Timing can often make or break a film's success. That would be especially true if your film was about an attack on a New York city skyscraper scheduled for a 2001 release.

Quick Plot: Welcome to the Millennium Building, 102 floors of thriving activity located in the heart of the big apple. After a bolt of lightning strikes while the bottom barrel security team is on guard, the building's 73 elevators begin acting a bit funny


There are minor inconveniences at first: a maternity workout group gets trapped, resulting in a few early deliveries but no injuries. A rogue rollerblader is sucked into the maintenance elevator via the parking lot and exits on the top floor with a bang, shooting straight out and 100 floors to his death. And of course, a blind man with a bad haircut is lured down the shaft after his seeing eye dog. 

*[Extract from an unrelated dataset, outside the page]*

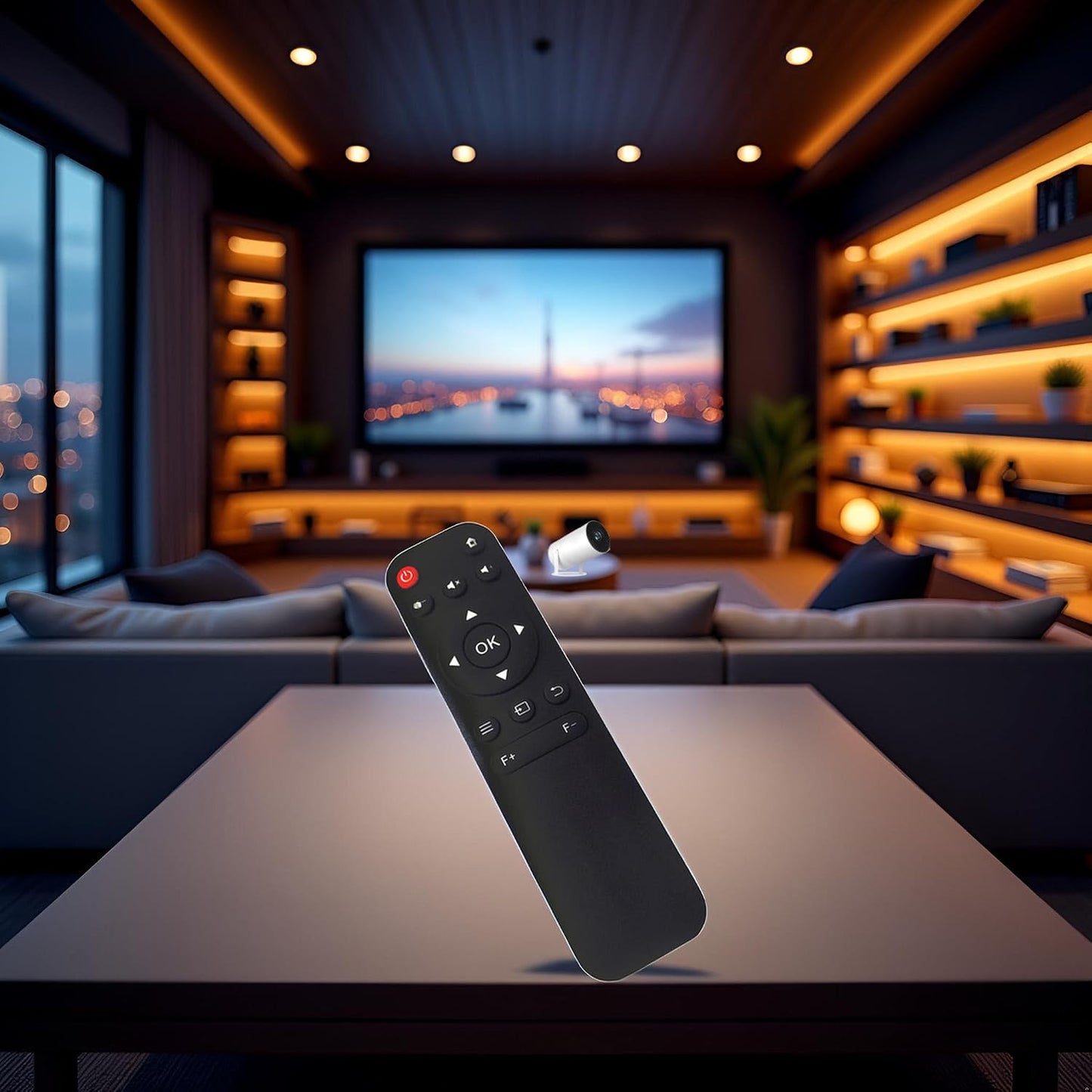 ZECARFA H1 P61 HY300 (X3-Remote) Mini Projector Remote Replacement Remote Control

The building's management, played with appropriate Mr. Rich stiffness by the late Edward Hermann, is able to cover much of it up, especially since Ron Perlman's elevator repair company is willing to play along. Rogue rookie mechanic Mark (Twin Peaks' James Marshall) however, knows something is amiss, as does plucky reporter Jennifer Evans, played by pre-Mulholland Drive, post-Children of the Corn IV era Naomi Watts with a New York accent that gave me hives. All that and I haven't even mentioned my boyfriend Michael Ironside stopping by as a maybe evil German scientist.

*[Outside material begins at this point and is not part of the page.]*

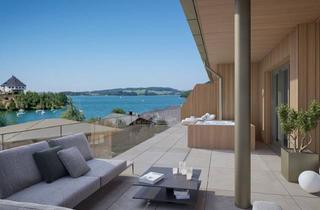 Wohnung kaufen in 5163 Mattsee, MIT SEEZUGANG: 4-Zimmer-Wohnung mit Blick über den See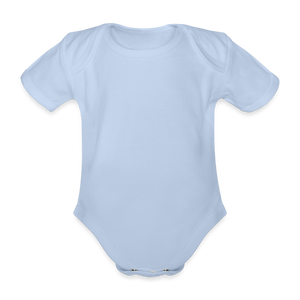 Organic Short-sleeved Baby Bodysuit - sky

There is a LOT going on here, and most of it is fairly terrible. Writer/director Dick Maas was remaking his own 1983 film, a movie I apparently watched just four years ago and remember next to nothing about it. Down, also titled The Shaft, will probably linger a little longer in my head for two reasons: its extremely bad pre-9/11 timing, and the fact that it employed so many treasured character actors.


A lot of them are (thankfully) having fun. Unfortunately, it's pretty unclear whether that's what they're supposed to be doing. The tone is a mess, which means the prevailing note is what takes over...and that is basically "dumb." This is the kind of movie where Naomi Watts has to scream fake rape accusations and terrorist threats to get ahead, and I honestly can't tell if the movie thinks it's funny or horrible. 

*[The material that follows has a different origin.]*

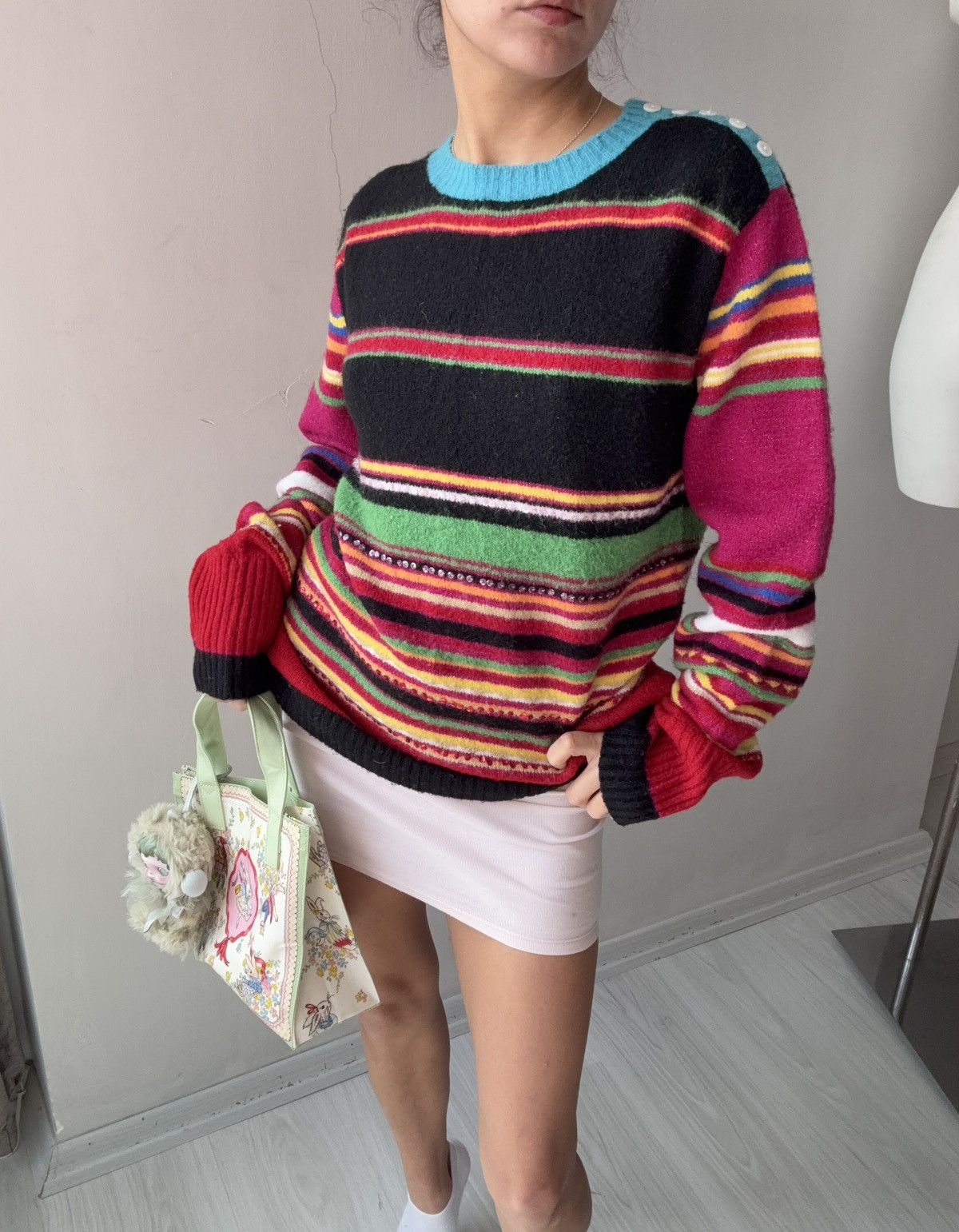 Vintage Derhy jumper Size L / US 10 / IT 46 - 2 Thumbnail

For the film's first half hour or so, I was amused with the same level of chuckles that a better-than-average Asylum Studio flick can pull. But folks, this movie runs close to two hours which ultimately feels like a violation of the Patriot Act. 

High Points
I'll never argue with a concept as glorious as "killer elevator" and thankfully, for as messy as Down is, it does have a fair amount of fun 



Low Points
I once entered an elevator in a women's hospital along with a single (very) pregnant woman. It was just the two of us and as soon as the door closed, the lights went off. For about two seconds, I realized a terrifying, exciting truth: I would have to deliver a baby. Every sitcom and Beverly Hills 90210 episode I ever watched was leading to this very moment. By the third second, the lights were back and we safely reached the ground floor, crisis/hero moment averted.


I bring this up to say, how dare a movie include a scene where a batch of heavily pregnant women are trapped in a corrupt elevator only to not give us an actual birth scene

Lessons Learned
Nobody moves up in the world faster than an elevator operator

In the scheme of things, decapitations really don't happen that often



When your career takes a downturn, your alma mater may downgrade your status from "Harvard alum" to "former Harvard graduate"

Rent/Bury/Buy
It's hard NOT to recommend the star-studded evil fake New York skyscraper elevator movie because unfortunately, we just don't get nearly enough star-studded evil fake New York skyscraper elevator movies. I THINK I enjoyed this one more than Dick Maas's original, but how much of that was its quality and how much was my glee at the very hint of a Michael Ironside appearance. This could probably make a fun drinks-with-friends kind of watch, as its goofiness requires a certain kind of audience energy in order to work for the ridiculously long runtime.